- DATA
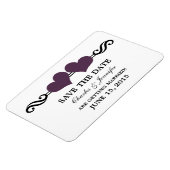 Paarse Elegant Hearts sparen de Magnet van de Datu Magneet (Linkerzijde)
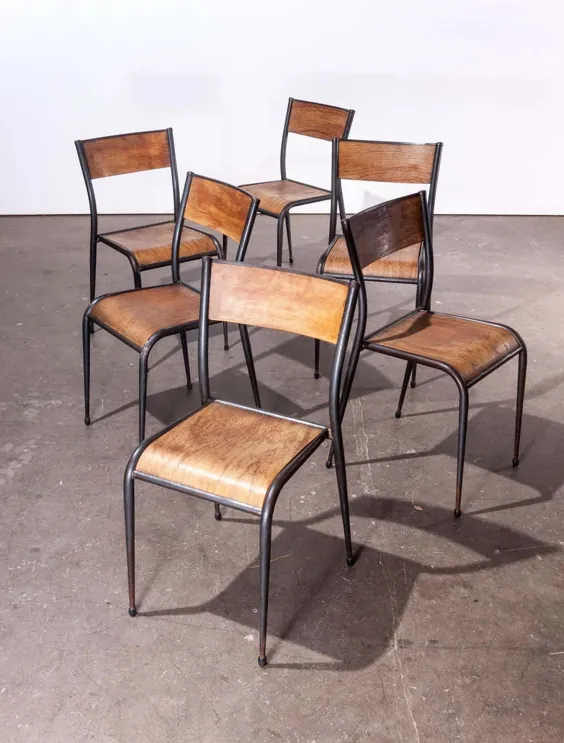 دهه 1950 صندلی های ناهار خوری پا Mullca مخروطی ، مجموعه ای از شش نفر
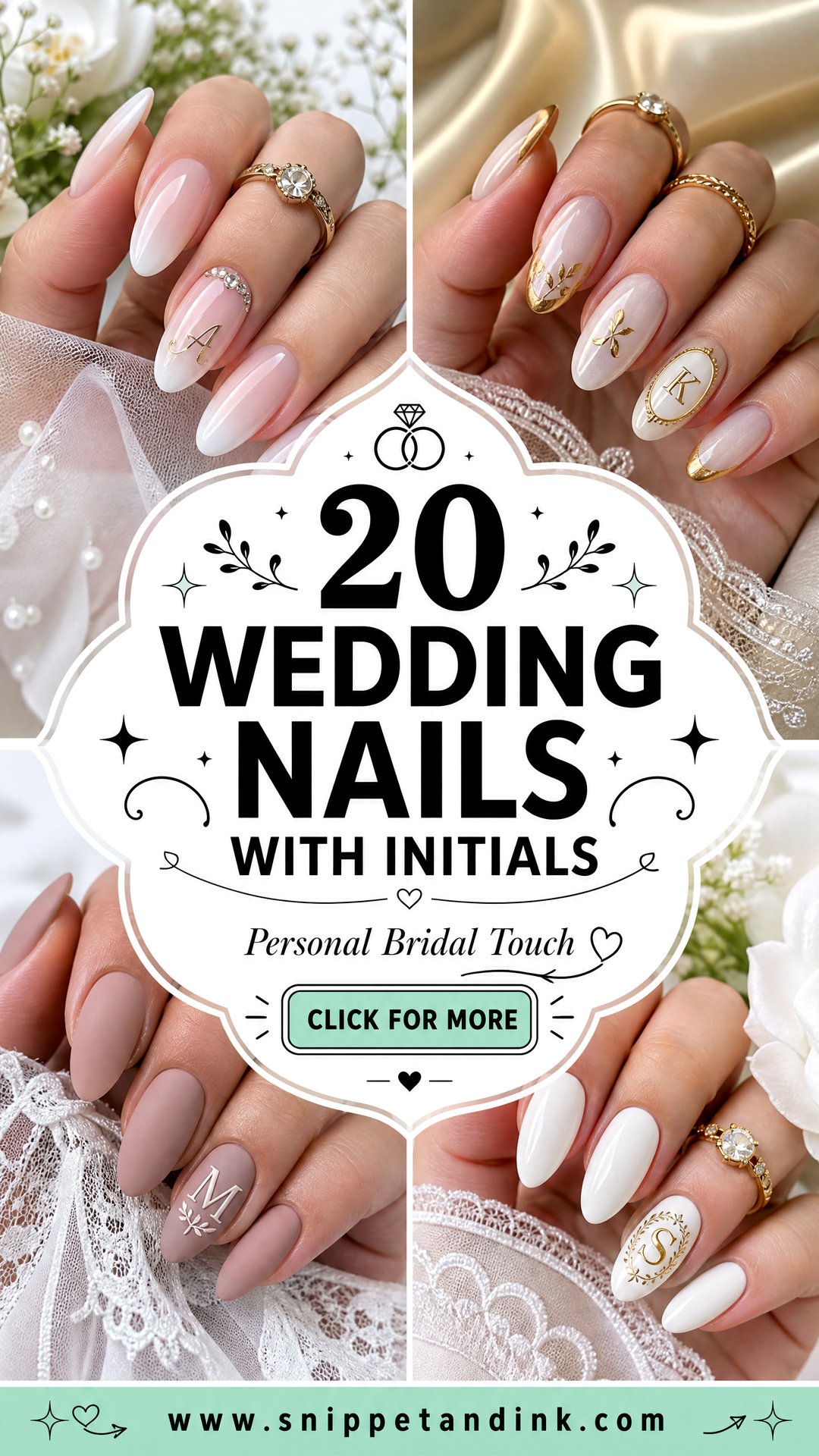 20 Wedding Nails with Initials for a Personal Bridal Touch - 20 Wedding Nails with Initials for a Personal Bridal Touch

- WHAT IS EXPECTED
Could all the data above be given again exactly, leaving out its images?

- RESULT BELOW
 Paarse Elegant Hearts sparen de Magnet van de Datu Magneet (Linkerzijde)
 دهه 1950 صندلی های ناهار خوری پا Mullca مخروطی ، مجموعه ای از شش نفر
 20 Wedding Nails with Initials for a Personal Bridal Touch - 20 Wedding Nails with Initials for a Personal Bridal Touch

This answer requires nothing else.